─── Supplied entries ───

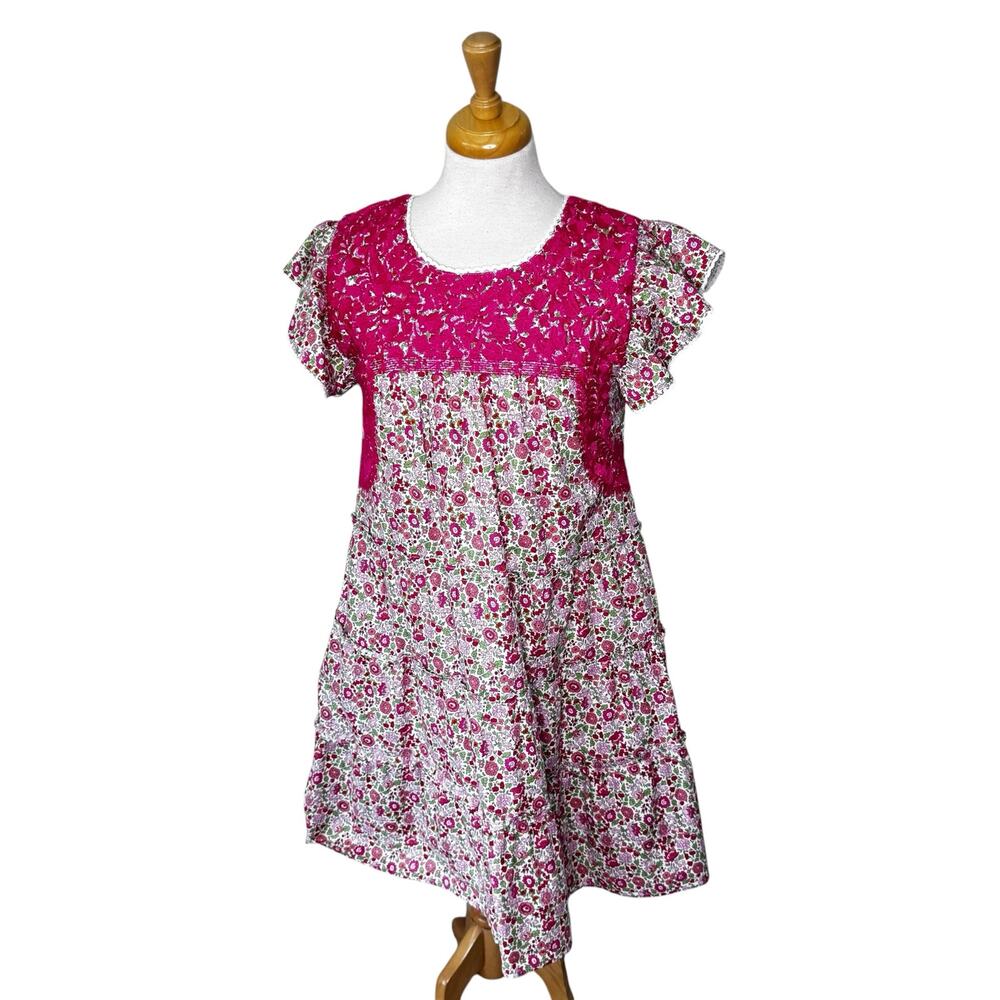 J. MARIE Rosa Mini Dress with  Pink Embroidered Yoke and floral tiered skirt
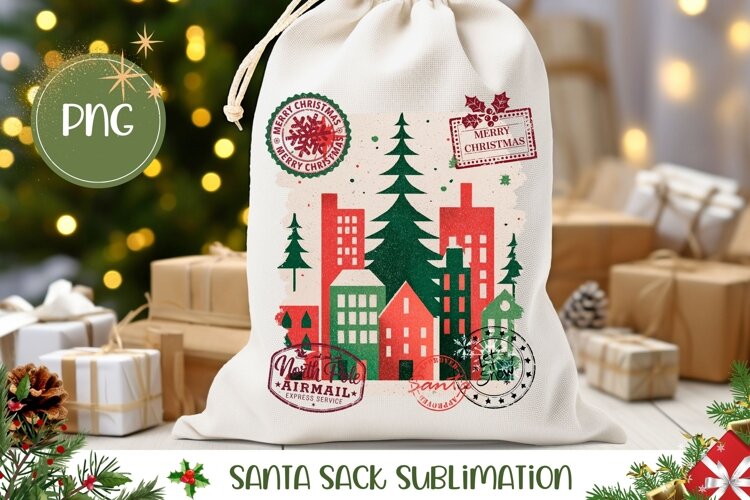 Christmas Town Santa Sack Sublimation, Christmas Gift Bag example image 1
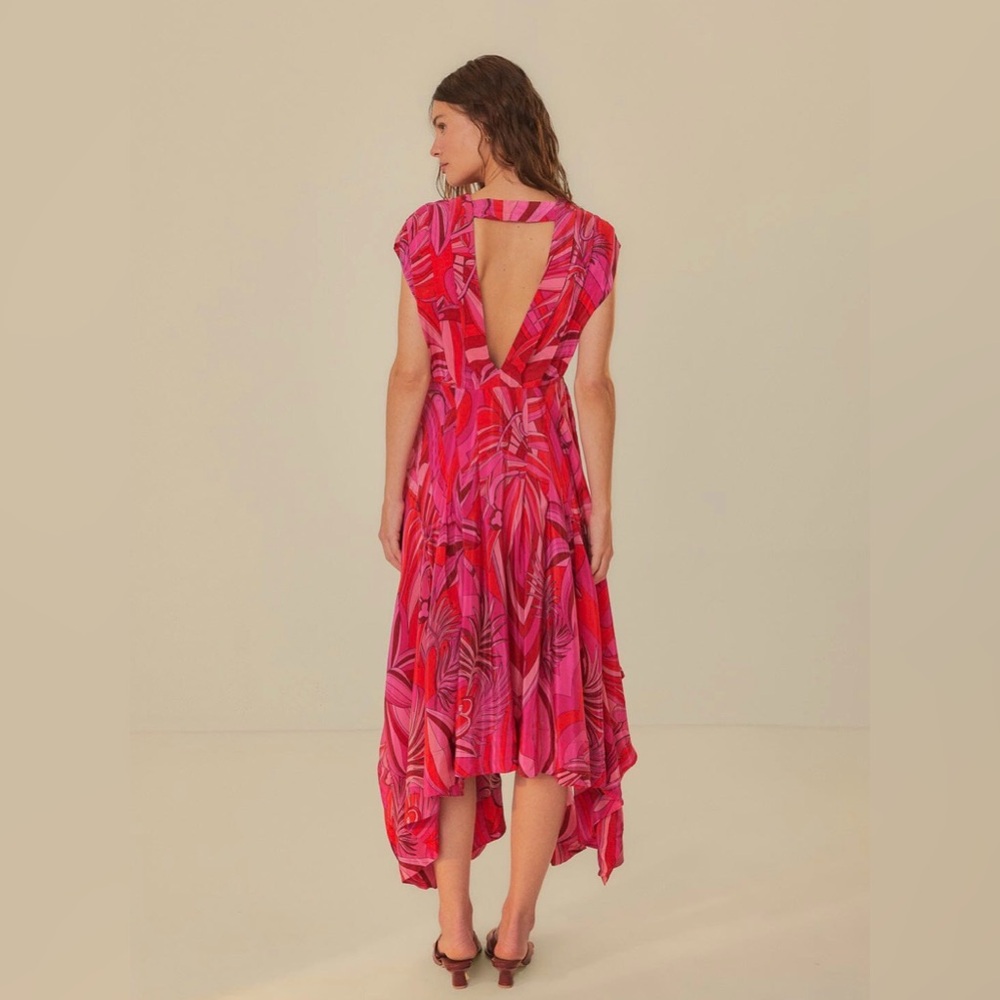 Farm Rio Red Endless Summer V Neck Midi Dress Size XS 100% Viscose NWT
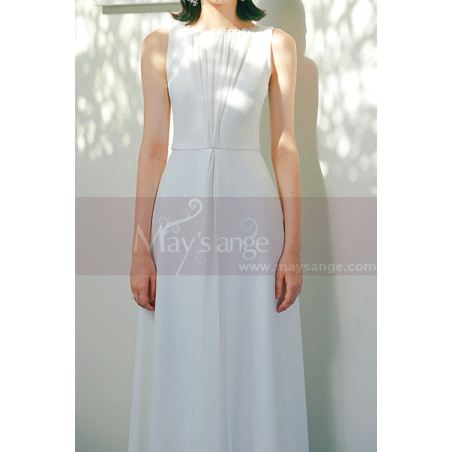 Simple and chic long white evening dress with V neckline at the back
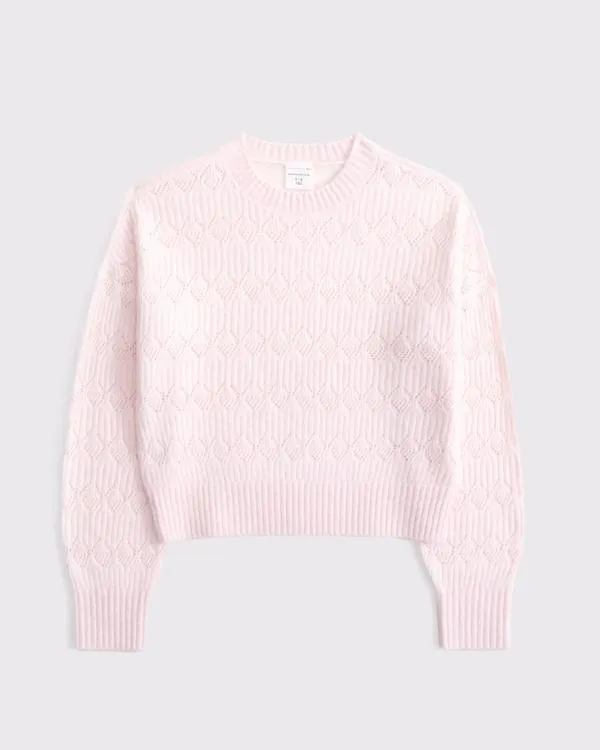 pointelle crew sweater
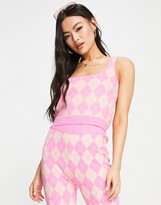Thumbnail for your product : Qed London square neck knitted top co-ord in pink argyle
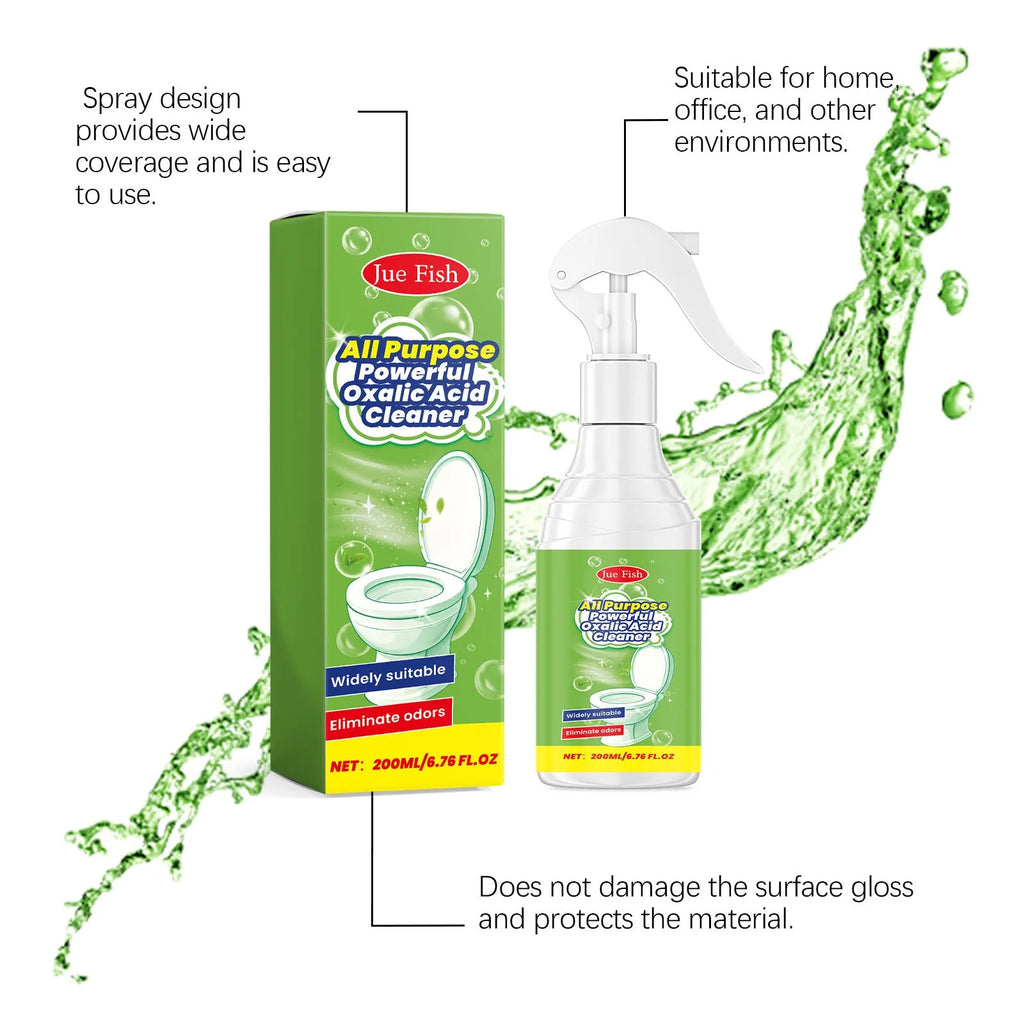 200ml plastic bottle of multi-functional household grease cleaning spray with oxalic acid formula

───

**What is expected**: Every line from the one holding "Simple and chic" through the final line of the data above is to be reproduced exactly, both ends included, with the pictures left out.

**Solution to the problem**:
 Simple and chic long white evening dress with V neckline at the back
 pointelle crew sweater
Thumbnail for your product : Qed London square neck knitted top co-ord in pink argyle
 200ml plastic bottle of multi-functional household grease cleaning spray with oxalic acid formula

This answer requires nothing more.